Devising a communications system that knits together an observatory scattered over an area the size of Rhode Island proved an arduous project. "In theory, everything seems simple, and in practice, everything is hard," Nitz notes. "But we're at the point where we are ramping down construction and moving toward analysis of data."
The Auger Observatory uses two systems to detect and study high-energy cosmic rays. The first relies on the observatory's dominant feature: sixteen hundred enclosed water tanks spread out one and one-half kilometers apart in a grid over the yellow prairie. When cosmic rays slam into the atmosphere, they trigger a cascade of subatomic particles known as an air shower. (French scientist Pierre Auger first identified these showers in 1938.) When these particles, which travel at nearly the speed of light, hit the water in the tanks, they produce a type of energy known as Cerenkov light that's picked up by sensors.
Nitz developed the so-called front-end board and its first-level trigger, which first winnow the information being sent over the communications network. "This is the crucial first step in finding the needle in the haystack of the interesting physics events," Nitz said. "We designed the electronics to do that process at Michigan Tech, along with the algorithms which are programmed into the electronics."
With colleagues at Penn State and Fermi Lab, they built the prototypes for the one thousand boards that are already harnessing data. "They're actually built at a shop in Milwaukee," he said. Then they are shipped north to Michigan Tech, where they are tested under desert-like conditions before being sent to Argentina.

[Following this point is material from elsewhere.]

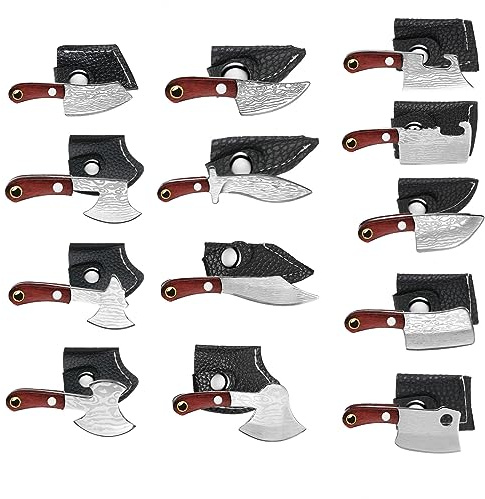 Minatee 13 Pieces Mini Knifes Damascus Pocket Set Tiny Chef Stainless Steel Knife with Sheath for Bottle Opener Package Opener Box Cutter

Of the nearly one thousand production boards tested, only three have failed in the field.
Data selected by Nitz's trigger is broadcast from the tanks to towers and sent via microwave to the observatory's central campus and then on to Michigan Tech and other institutions via the internet for analysis. By measuring the light from several tanks, scientists can estimate the energy of the cosmic ray particle and determine its trajectory.
The second detection method tracks the development of air showers by observing ultraviolet light emitted high in the Earth's atmosphere.

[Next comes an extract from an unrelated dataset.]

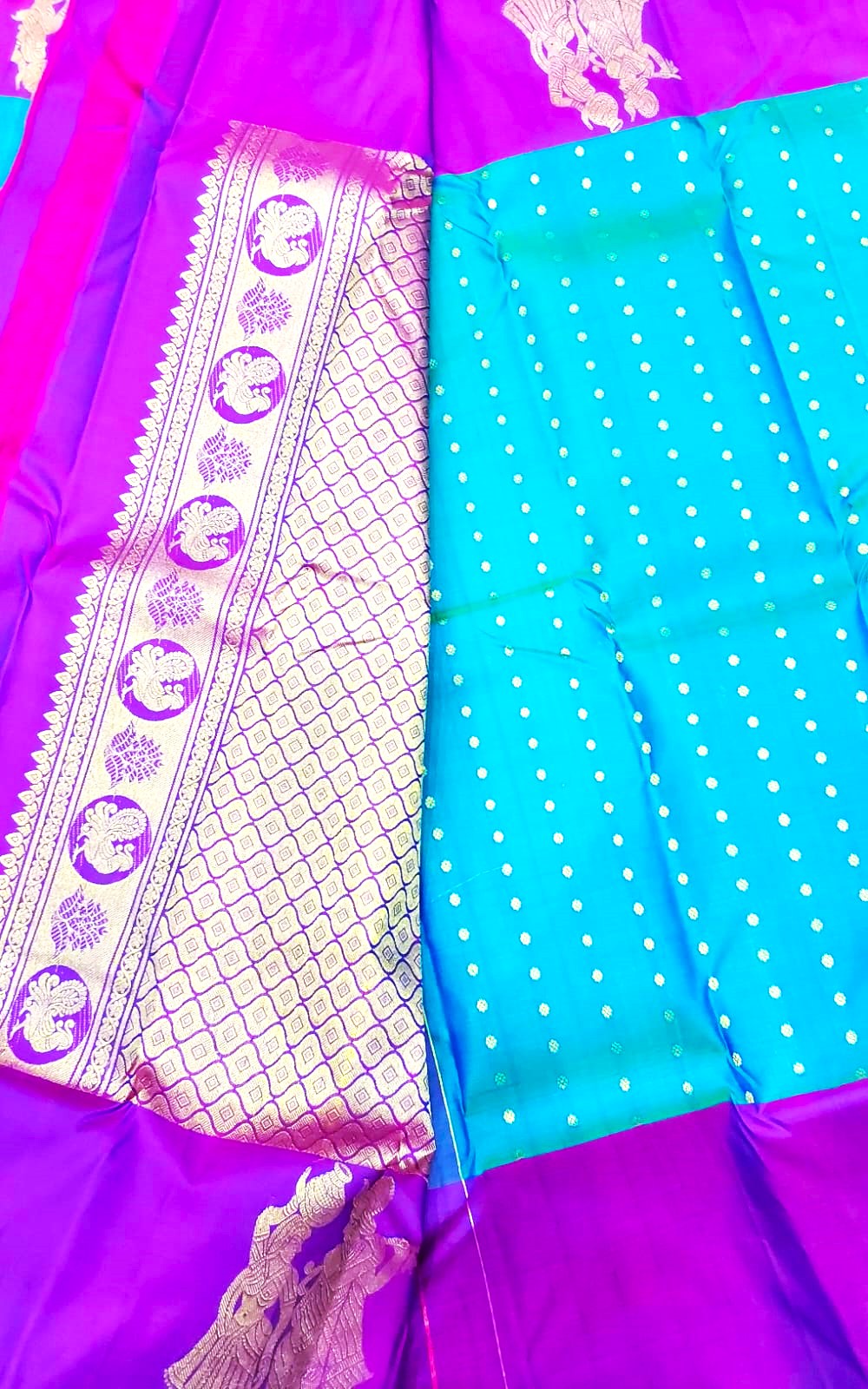 Budget Kanchipuram Silk Saree(Mixed Green with blue color saree purple border)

The charged particles in an air shower interact with atmospheric nitrogen, causing it to emit ultraviolet light. This process, called fluorescence, is invisible to the human eye but not to the Auger Observatory's optical detectors. To them, a cosmic ray appears like a light bulb rocketing through the atmosphere.

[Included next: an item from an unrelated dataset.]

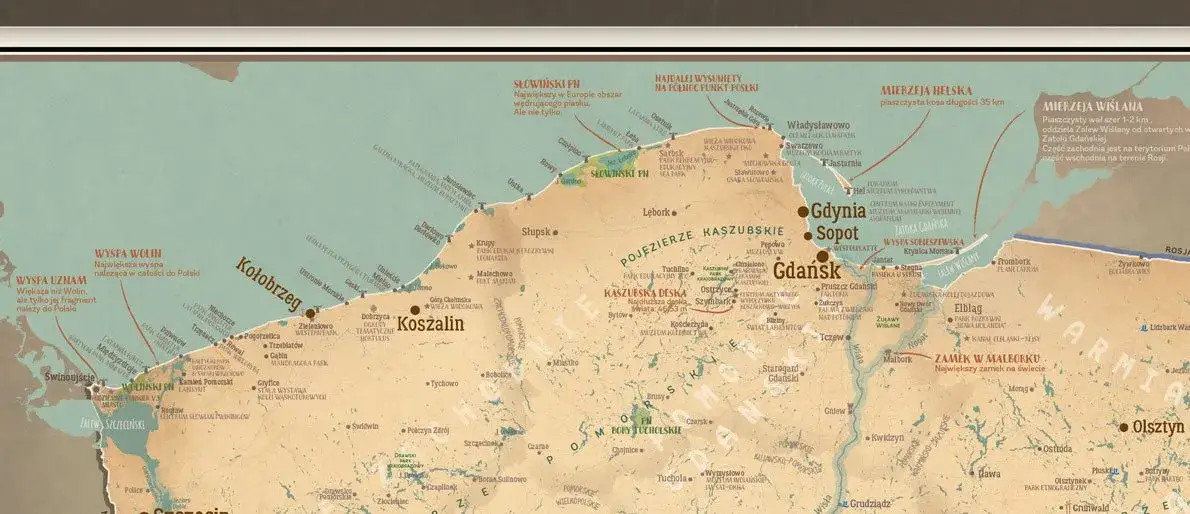 Mapa Polski nad morzem z atrakcjami dla dzieci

Brian Fick, Johana Chirinos Diaz, and David Nitz circumnavigate one of the Pierre Auger Observatory's sixteen hundred water tanks, which are scattered across the Pampa Amarilla (yellow prairie) in Argentina.
Michigan Tech Associate Professor Fick championed efforts to build fluorescence detectors and then to link them with the water tanks.
"The fluorescence detector and the ground array collect data independently, but they have a common trigger which integrates that data. This lets us observe the same phenomenon simultaneously and gives us a lot more information about cosmic rays," Fick said.
So where do ultra-high-energy cosmic rays originate? "There are data coming in," Nitz says carefully. "We're starting to build up a pattern of where they come from in the sky, but we don't have enough information to say for certain."
It will help when the Colorado observatory is built, Nitz says. That facility will be able to detect air showers within the northern hemisphere, so scientists can study cosmic rays hitting the Earth from all directions.
Whatever the results, collaborating on the Pierre Auger Project has been tremendously satisfying, says Nitz. "I've been able to work with so many talented, dedicated people from so many places on one of the most fascinating mysteries of the universe," he said. "It's been a wonderful experience."